All this “cable TV campaign”, besides being a direct violation of the right to access information, is also a state level piracy, as no official contracts with the content producers from Russia, Turkey or India have been signed. This is a violation of copyright.
The main argument used by the authorities to justify demolition of the dishes is that they “distort the architectural-urban image of the city.” In fact, this is not the first attempt of the government to get rid of private satellite dishes. In 2007 when Gurbanguly Berdymukhamedov just came to power, he demanded demolition of the dishes. It did not work out because of the strong criticism by the international community and media which referred to the initiative as a clear case of violation of the right to independent access to information and a form of censorship. The authorities resorted then to demolition of the dishes only along the main avenues of Ashgabat which serve as the official route of the President’s car and those of his guests. “The young president”, as Berdymukhamedov referred to himself at that time, did not dare to spoil his reputation and become an “enemy of the media.” The second attempt was made in the summer of 2011 when the authorities tried to suppress information about accidental explosions of military munition in Abadan causing death of many people, officially 15 and according to unofficial sources up to 1500. Again, only a vocal reaction by foreign media, international organisations, including the OSCE, and foreign governments, first and foremost the US State Department and the US Embassy in Ashgabat, forced the authorities to pull back and abandon their plans.
Experts believe that the authorities are now aiming at solving the problem of independent access to information through the satellite dishes for the third – and the last – time in anticipation of the next presidential elections scheduled for the beginning of 2017 to ensure full control over information. In addition, a major international sports event, the 5th Asian Indoor and Martial Arts Games, will be hosted by Ashgabat in 2017, and according to anonymous sources in the government, the authorities want to block any information about possible incidents during the Games. Judging by the active steps already taken in Ashgabat, the government is taking a more resolute position this time.
Should this new campaign be successful, Radio Azatlyk will lose almost all of its audience inside Turkmenistan. People do not own short-wave radios as in the Soviet times, and the internet version of Azatlyq will continue to be blocked. With its popularity which has grown recently, and its broad and professional coverage of important topics, including human rights, the problem of the disappeared in the Turkmen prisons, security concerns on the Southern border, demolition of houses, and more, Radio Azatlyk has been an indispensable source of independent information for people in Turkmenistan. Residents of the country fear that they will be completely cut off from independent information now.

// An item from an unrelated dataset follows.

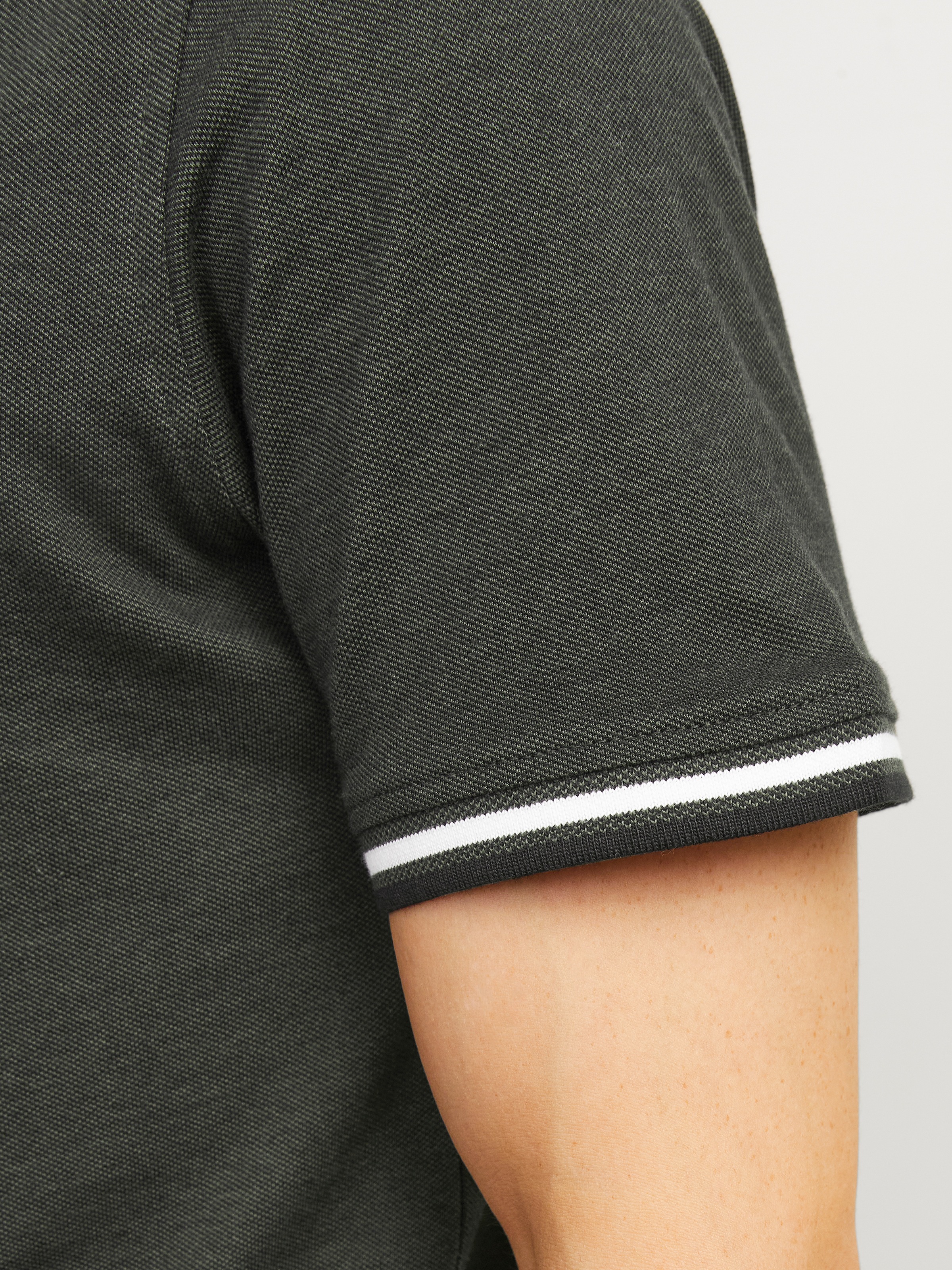 Jack & Jones Poloshirt »JJEPAULOS  Poloshirt mit klassischem Kragen und figurbetonter Form«, Logostickerei, modisch, schmal, Baumwolle, Polokragen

Independent experts and human rights defenders believe that only a prompt and strong reaction of governments of democratic states and international organisations may stop this campaign. They should immediately engage in dialogue with the Turkmenistan government and explain to it that these actions are a direct and clear violation of internationally recognised right to access to information and it will have a huge detrimental impact on the prospects of engagement of Turkmenistan with the international community, including cooperation in energy and security areas.